Rhino Factoids: Nelson Mandela 70th Birthday Tribute
26 years ago today, a variety of musicians, comedians, and actors stepped upon the stage of London’s Wembley Stadium to pay tribute to noted South African politician Nelson Mandela, whose efforts to end apartheid among his people put him behind bars for decades, in conjunction with his 70th birthday.
Described by journalist Robin Deneslow as the "biggest and most spectacular pop-political event of all time, a more political version of Live Aid with the aim of raising consciousness rather than just money,” the Nelson Mandela 70th Birthday Tribute – also known as Freedomfest or the Free Nelson Mandela Concert – was organized by Tony Hollingsworth, who got the idea after having a chat with Jerry Dammers of The Specials. It took awhile to bring the event to fruition, but when it finally came to pass, it certainly wasn’t lacking for star power. Mind you, some stars were less thrilled with other stars – when the initial list of artists who’d be performing was released, in hopes of securing additional artists with the big names involved, Simple Minds grouched about the inclusion of Whitney Houston and George Michael – but most eventually set aside their annoyances in favor of the greater cause.

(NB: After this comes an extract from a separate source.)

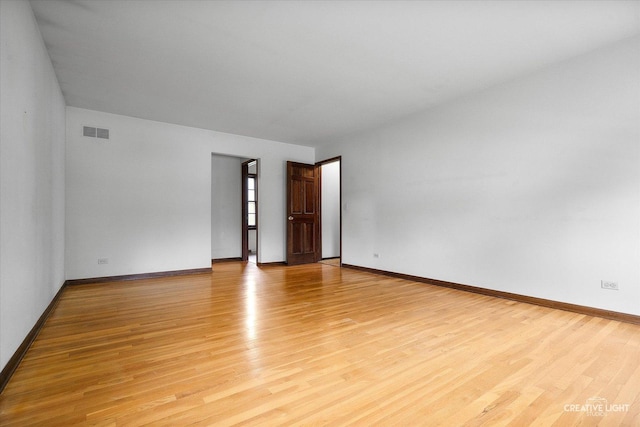 unfurnished room with light wood-type flooring and baseboards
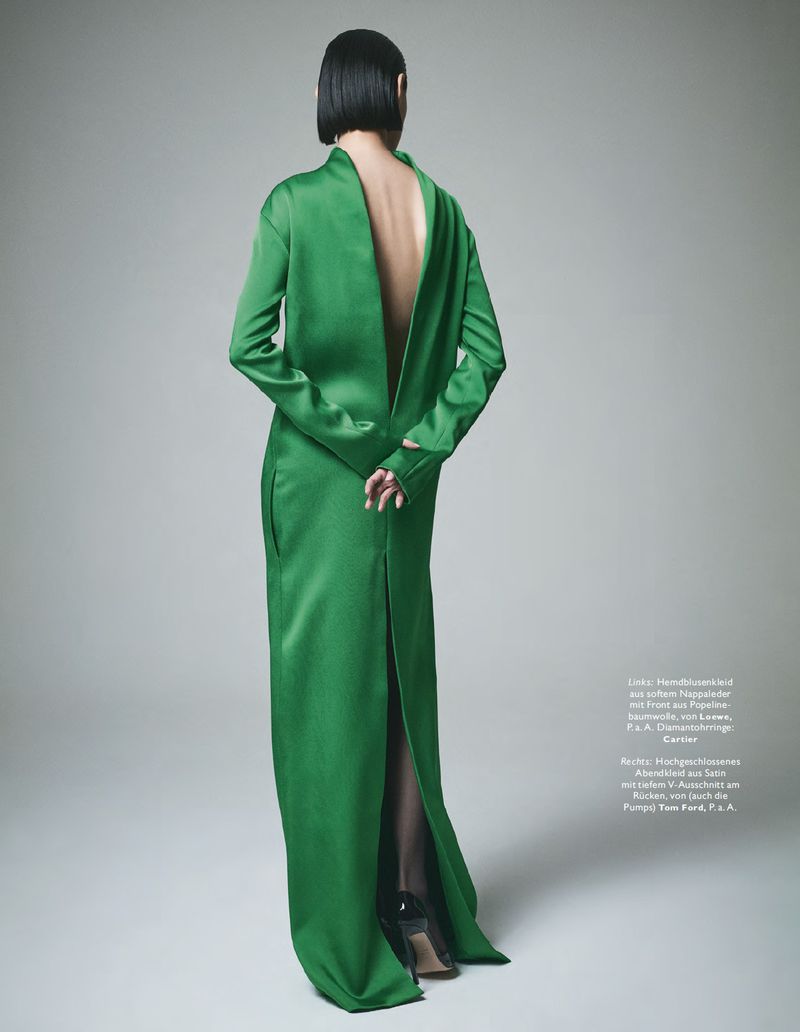 A model from the back wearing a long green dress with a plunging open back against a grey studio backdrop.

There was one major snafu during the course of the event, however, when a surprise appearance by Stevie Wonder was screwed up by someone losing the programming for his synclavier, resulting in Wonder refusing to play without it and abruptly departing the stadium. Eventually, Wonder changed his mind and agreed to come back and play, but in his temporary absence, someone still had to fill the timeslot originally allotted for his performance. The beneficiary: Tracy Chapman, who ended up playing her second set of the day and, as a result, reportedly sold 1.75 million more copies of her self-titled debut album in the two weeks after the concert than she had in the two months prior to her performance.
To celebrate the anniversary of the event, we’ve put together a playlist which features songs which were performed at the event, some by the artists who actually performed them, others by…well, others. (We always enjoy a good cover song here at Rhino, you know.) By the way, just in case you didn’t know, the Nelson Mandela 70th Birthday Tribute didn’t actually take place on Mandela’s 70th birthday. That didn’t happen ‘til June 18th. And it also didn’t result in his immediate release from prison, unfortunately, but it certainly served to draw international attention to his plight, which means that it was about as successful as any such concert can hope to be.